I am doing a program on TX2(R27.1 versions) that transfering the datas received by the RJ45 port to USB port(J19 on TX2) througn RJ45 to USB interface.
How do I compile the kernel? Which library functions will be used in USB communication?
Thank you very much if can you any ideas!
The “Documentation” download has a customization section talking about building a kernel (it uses cross compile on a PC host). See:
(assumes you are using the current L4T release)
Keep in mind that some procedures differ depending on the L4T release so watch in any docs which release is being described.
The USB question is a bit vague. If you want the micro-B USB port to cause the TX2 to appear to be a device then you’d be interested in the Linux kernel “gadget” framework. There are many USB standard device classes…which one works would depend on your data. In some cases you might need to write your own driver from scratch. See:
(keep in mind currently Linux kernel series 4.x is being used…some documents out in the wild might be for a previous generation of kernel)
Thank you for your help!I am a amateur to TX2 and Linux.So the solution you gave may be understood for some days. And I also want ask that what function libraries or struct may be used in USB communications in Linux?
That’s a very big topic. There are kernel drivers involved, and possibly user space libraries. In part it depends on what class of device you are looking at. Are you familiar with the USB standards for device classes (e.g., isochronous, HID, bulk storage, interrupt, so on)?
In general (this isn’t expected to answer any particular question…it may show you how to look) when a USB device connects the internals of the kernel will query the device and the device will respond with a description about itself.

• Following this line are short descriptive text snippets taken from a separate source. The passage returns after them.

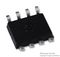 MICROCHIP MCP6042-E/SN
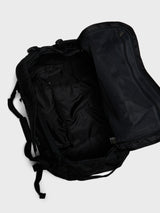 Patagonia - Black Hole Duffel 40L Bag in Black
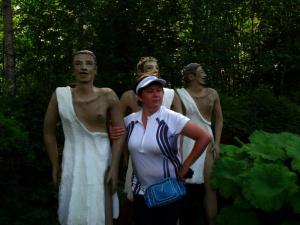 20110726-150248.jpg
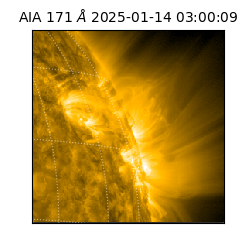 saia - 2025-01-14T03:00:09.350000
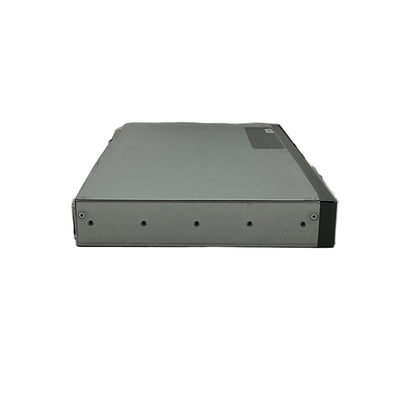 CyberPower Systems Inc. OR600ERM1U Line-Interactive UPS-Line-Interactive UPS-Used Industrial Parts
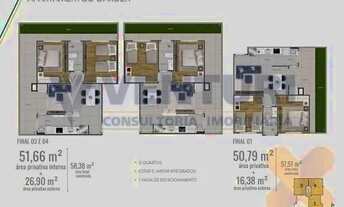 Imagem 7: Apartamento -São Domingos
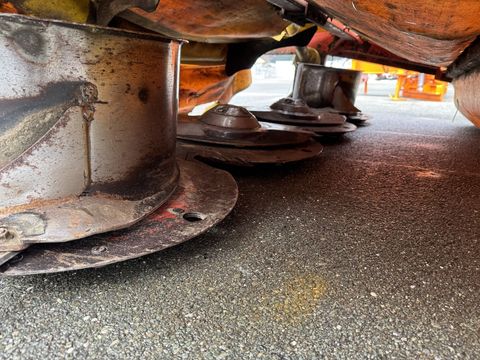 [3244-6503538-13.jpg]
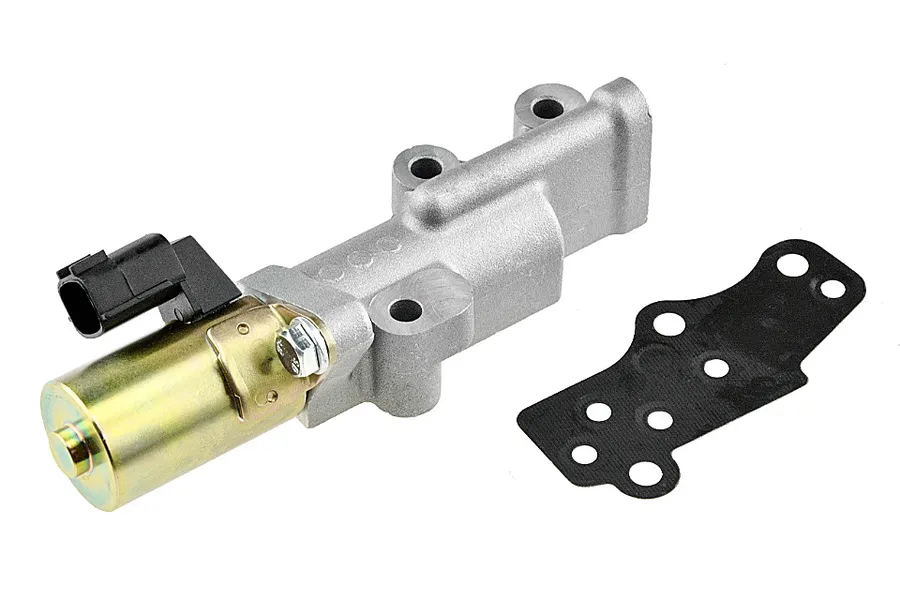 OEM код товара: 23796-2Y520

It is up to the hot plug layer to announce this and for a driver to decide it can handle this and assume ownership of the device.

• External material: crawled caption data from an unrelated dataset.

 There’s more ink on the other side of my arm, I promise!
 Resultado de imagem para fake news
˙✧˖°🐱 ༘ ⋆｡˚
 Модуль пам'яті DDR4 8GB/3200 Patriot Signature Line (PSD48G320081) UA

If you are talking about a host getting a device plugged in, then you are talking about the driver which would take ownership as hot plug announces it.
If you are talking about a device being queried by a host upon plugin, then you are talking about the response to describe itself upon plugin.

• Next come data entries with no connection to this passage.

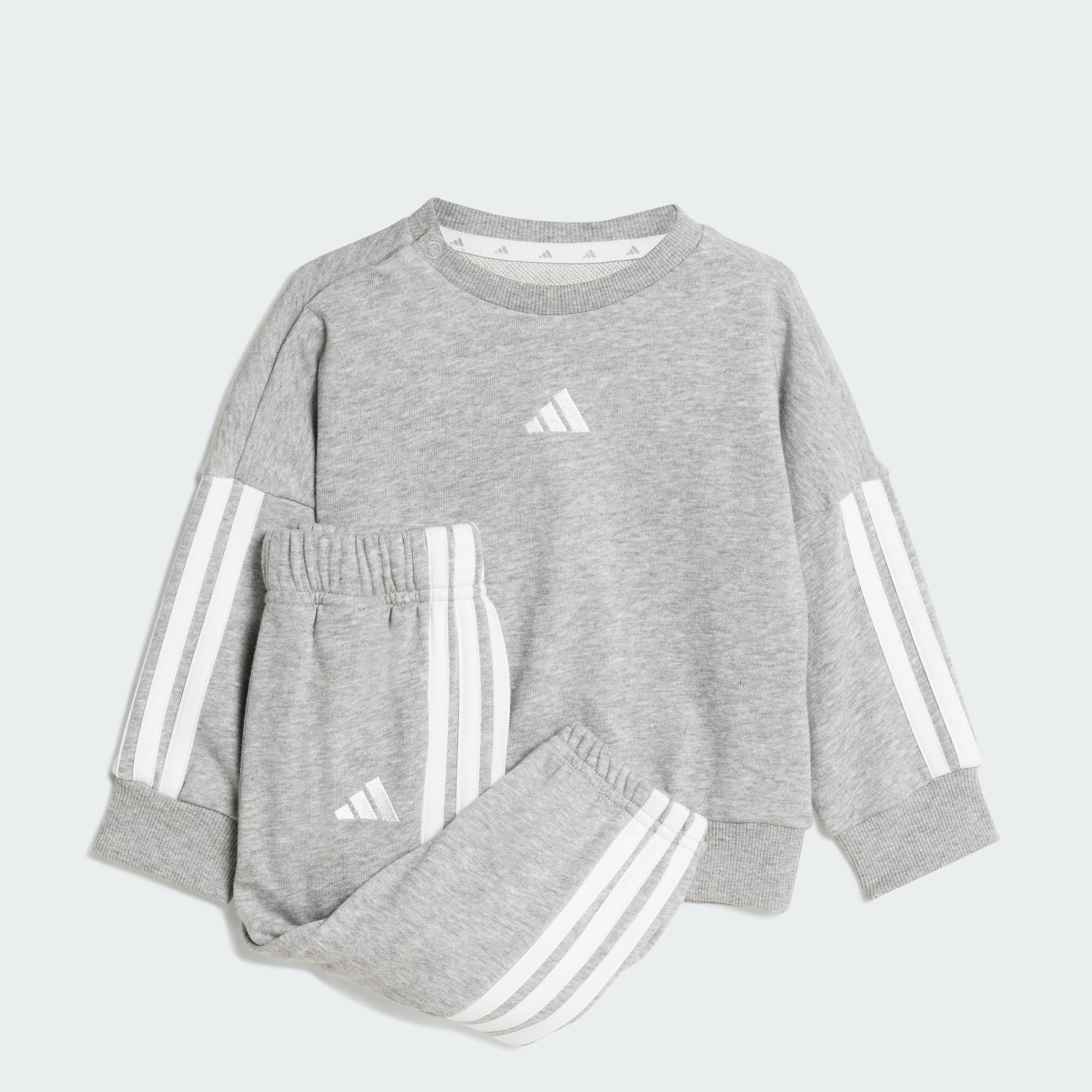Tuta Essentials Infant 4/5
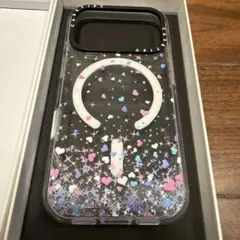 CASETiFY TAEYEON Purpose iPhoneケース - メルカリ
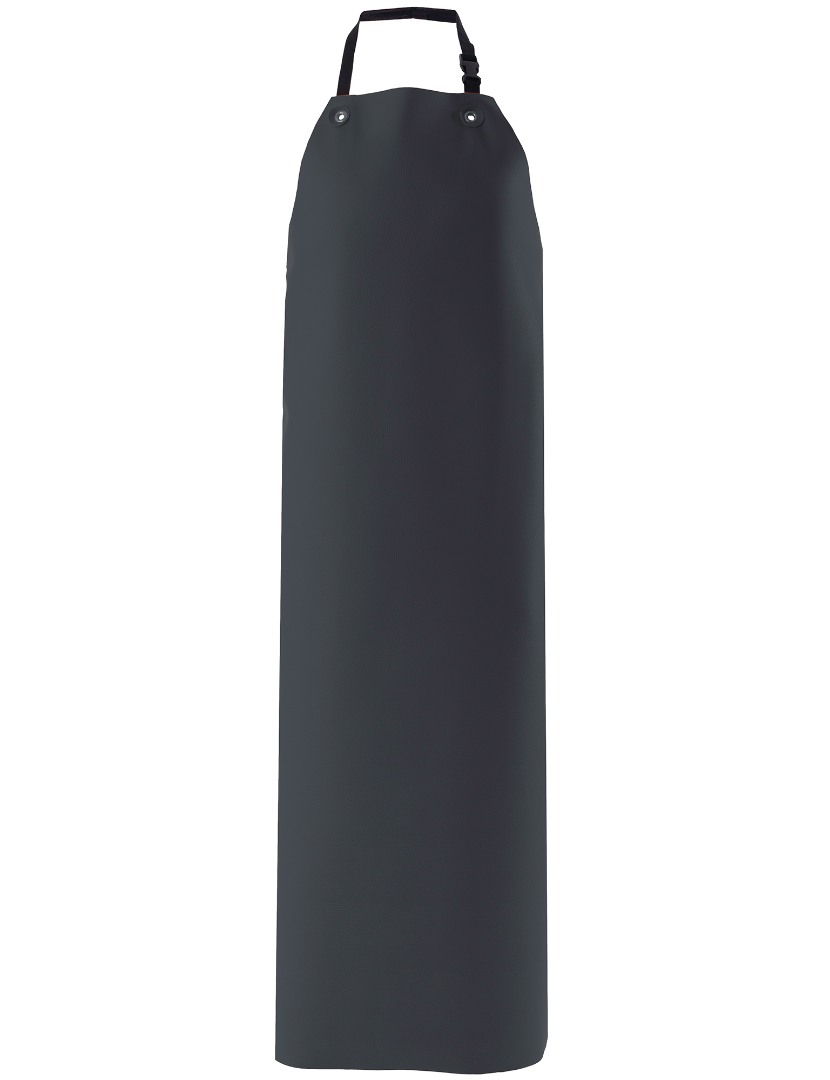 ΠΟΔΙΑ ΑΔΙΑΒΡΟΧΗ ΔΕΡΜΑΤΙΝΗΣ MULTI ΠΟΔΙΑ ΑΔΙΑΒΡΟΧΗ ΔΕΡΜΑΤΙΝΗΣ MULTI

One end of the USB pipe is always a host, and the other end is always a device. There are no exceptions, although the OTG connector allows either type of connector (but there is an ID pin to tell which type…newer type-C have a similar mechanism).
USB does have some standard classes to simplify life, but USB does also allow custom devices with custom drivers. Good examples of standard classes are for a keyboard or mouse…an example of a custom device would be the interface to program a programmable keyboard or mouse (one USB cable can contain many physical or logical USB devices…the program interface would be a different response upon plugin versus the actual mouse or keyboard function…all would respond upon query).